Most people know that car dealers sell on-the-spot financing.
Cars are an emotional purchase made outside normal bank hours. In the excitement of the new car moment and to assure the "great deal", immediate finance approval leads some car buyers to suspend their normal judgement and take whatever is on offer.
Most people would expect the dealer to receive commission on the loan.
What surprises is that the dealer can set a higher interest rate than the lender's base rate, earning higher commission. That "flex" commission, sometimes up to 80% of the increased interest, is quite an incentive to the dealer. It can mean very high financing costs for the borrower.
Last year the regulator ASIC formally banned flex commissions.
Effective from November 2018, lenders, not car dealers, will have responsibility for determining the interest rate.
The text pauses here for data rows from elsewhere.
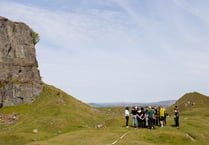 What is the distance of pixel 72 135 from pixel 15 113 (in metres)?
40.5

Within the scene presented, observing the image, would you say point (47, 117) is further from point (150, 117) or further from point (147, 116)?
point (150, 117)

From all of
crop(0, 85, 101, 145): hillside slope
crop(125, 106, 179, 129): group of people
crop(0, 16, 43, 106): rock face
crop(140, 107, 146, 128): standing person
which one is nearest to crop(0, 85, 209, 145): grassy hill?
crop(0, 85, 101, 145): hillside slope

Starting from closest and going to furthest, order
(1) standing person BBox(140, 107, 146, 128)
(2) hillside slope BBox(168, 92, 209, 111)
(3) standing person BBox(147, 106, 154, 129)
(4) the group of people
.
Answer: (3) standing person BBox(147, 106, 154, 129) → (4) the group of people → (1) standing person BBox(140, 107, 146, 128) → (2) hillside slope BBox(168, 92, 209, 111)

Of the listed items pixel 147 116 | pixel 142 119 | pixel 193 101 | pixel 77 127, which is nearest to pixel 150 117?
pixel 147 116

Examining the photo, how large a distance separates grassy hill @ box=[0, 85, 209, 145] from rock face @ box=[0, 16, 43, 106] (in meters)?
2.80

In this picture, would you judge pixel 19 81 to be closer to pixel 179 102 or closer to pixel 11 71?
pixel 11 71

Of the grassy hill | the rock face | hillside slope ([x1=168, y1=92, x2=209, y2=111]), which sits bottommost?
the grassy hill

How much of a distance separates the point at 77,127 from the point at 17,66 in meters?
32.3

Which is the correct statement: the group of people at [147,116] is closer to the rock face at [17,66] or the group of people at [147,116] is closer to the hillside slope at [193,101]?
the rock face at [17,66]

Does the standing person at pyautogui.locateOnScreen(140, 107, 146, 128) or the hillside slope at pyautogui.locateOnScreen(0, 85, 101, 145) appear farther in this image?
the hillside slope at pyautogui.locateOnScreen(0, 85, 101, 145)

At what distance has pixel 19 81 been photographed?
94.8 m

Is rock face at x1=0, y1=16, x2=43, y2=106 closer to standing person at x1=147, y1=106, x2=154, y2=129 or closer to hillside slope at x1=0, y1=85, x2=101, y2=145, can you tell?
hillside slope at x1=0, y1=85, x2=101, y2=145

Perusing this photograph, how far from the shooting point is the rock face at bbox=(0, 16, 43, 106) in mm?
92562

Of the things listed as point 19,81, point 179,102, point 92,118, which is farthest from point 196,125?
point 179,102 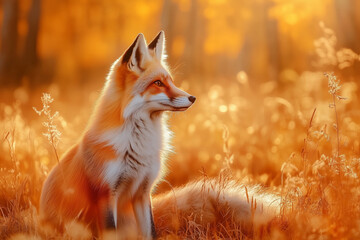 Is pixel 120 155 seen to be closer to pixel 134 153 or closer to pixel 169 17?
pixel 134 153

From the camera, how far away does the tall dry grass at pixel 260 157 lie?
9.76 ft

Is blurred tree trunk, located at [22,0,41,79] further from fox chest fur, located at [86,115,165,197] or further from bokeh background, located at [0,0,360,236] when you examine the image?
fox chest fur, located at [86,115,165,197]

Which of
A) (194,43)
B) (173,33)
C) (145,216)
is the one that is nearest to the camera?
(145,216)

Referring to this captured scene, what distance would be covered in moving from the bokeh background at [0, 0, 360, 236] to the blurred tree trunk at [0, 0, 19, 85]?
0.04 meters

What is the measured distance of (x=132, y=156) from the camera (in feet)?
10.8

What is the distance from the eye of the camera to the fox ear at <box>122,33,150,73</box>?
341cm

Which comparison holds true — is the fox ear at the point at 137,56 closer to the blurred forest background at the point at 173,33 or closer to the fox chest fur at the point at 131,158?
the fox chest fur at the point at 131,158

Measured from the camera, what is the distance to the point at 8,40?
15133 mm

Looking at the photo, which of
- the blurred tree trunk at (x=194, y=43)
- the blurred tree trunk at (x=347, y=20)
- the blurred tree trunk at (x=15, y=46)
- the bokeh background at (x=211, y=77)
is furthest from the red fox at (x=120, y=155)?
the blurred tree trunk at (x=15, y=46)

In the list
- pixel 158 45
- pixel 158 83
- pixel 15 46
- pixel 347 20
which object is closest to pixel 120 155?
pixel 158 83

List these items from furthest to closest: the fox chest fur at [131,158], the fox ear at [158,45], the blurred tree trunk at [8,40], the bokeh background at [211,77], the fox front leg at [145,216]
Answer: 1. the blurred tree trunk at [8,40]
2. the bokeh background at [211,77]
3. the fox ear at [158,45]
4. the fox front leg at [145,216]
5. the fox chest fur at [131,158]

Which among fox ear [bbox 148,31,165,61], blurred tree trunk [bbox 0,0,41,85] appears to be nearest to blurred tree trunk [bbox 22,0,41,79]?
blurred tree trunk [bbox 0,0,41,85]

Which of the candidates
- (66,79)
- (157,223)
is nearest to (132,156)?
(157,223)

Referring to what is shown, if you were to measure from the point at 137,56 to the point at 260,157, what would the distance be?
10.1 ft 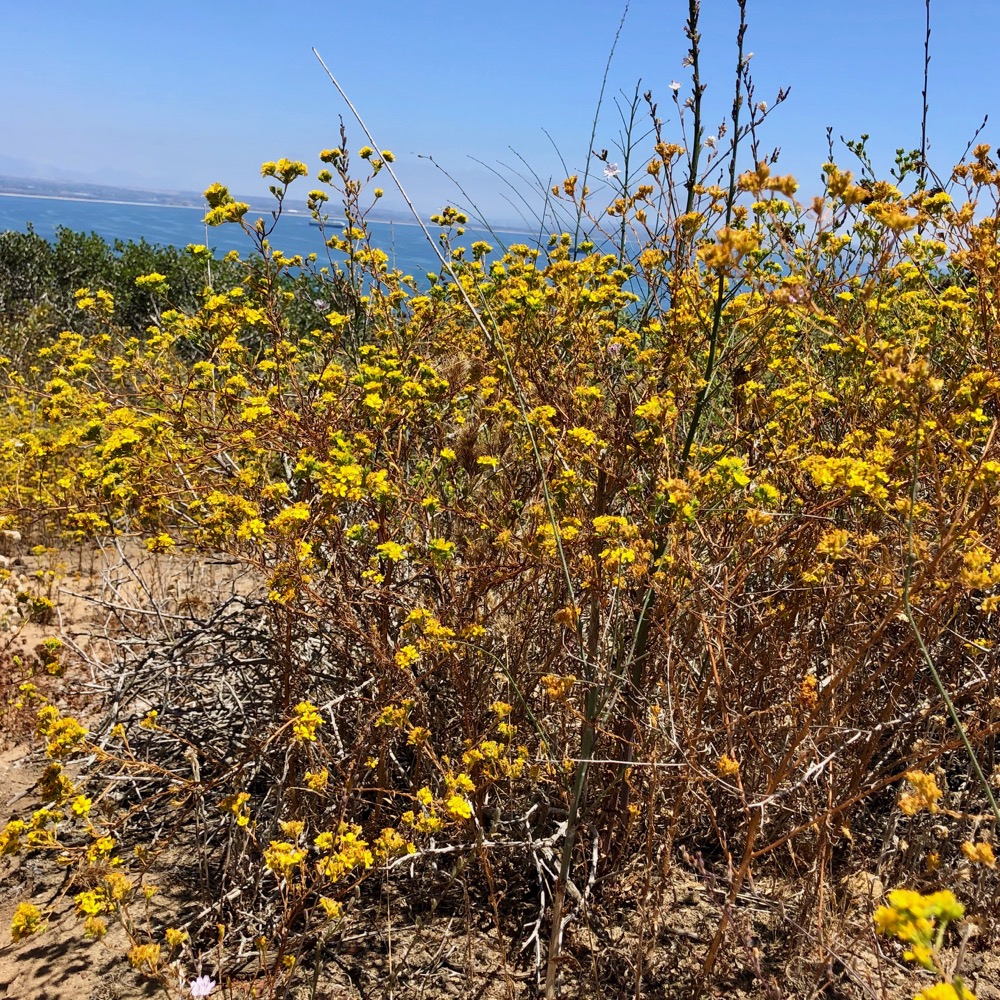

The dealer cannot suggest a different rate that earns more commissions but has limited capacity to discount it and receive lower commissions.
The changes will protect car buyers from very high interest rates, determined opportunistically at point of sale. Of course, dealers will see their commissions cut, potentially meaning higher car prices but far more transparency for the buyer.
Is it enough to protect consumers? No, even when flex commissions disappear, buyers might still be offered an interest rate that is too high.
There is only one way to protect yourself and that is to compare the loan offered with others available to you. How do interest rates, repayments and fees compare, remembering "apples with apples"?
Finally, don't get carried away in the moment. Take time to read the contract and if you don't understand it take it away and seek expert help.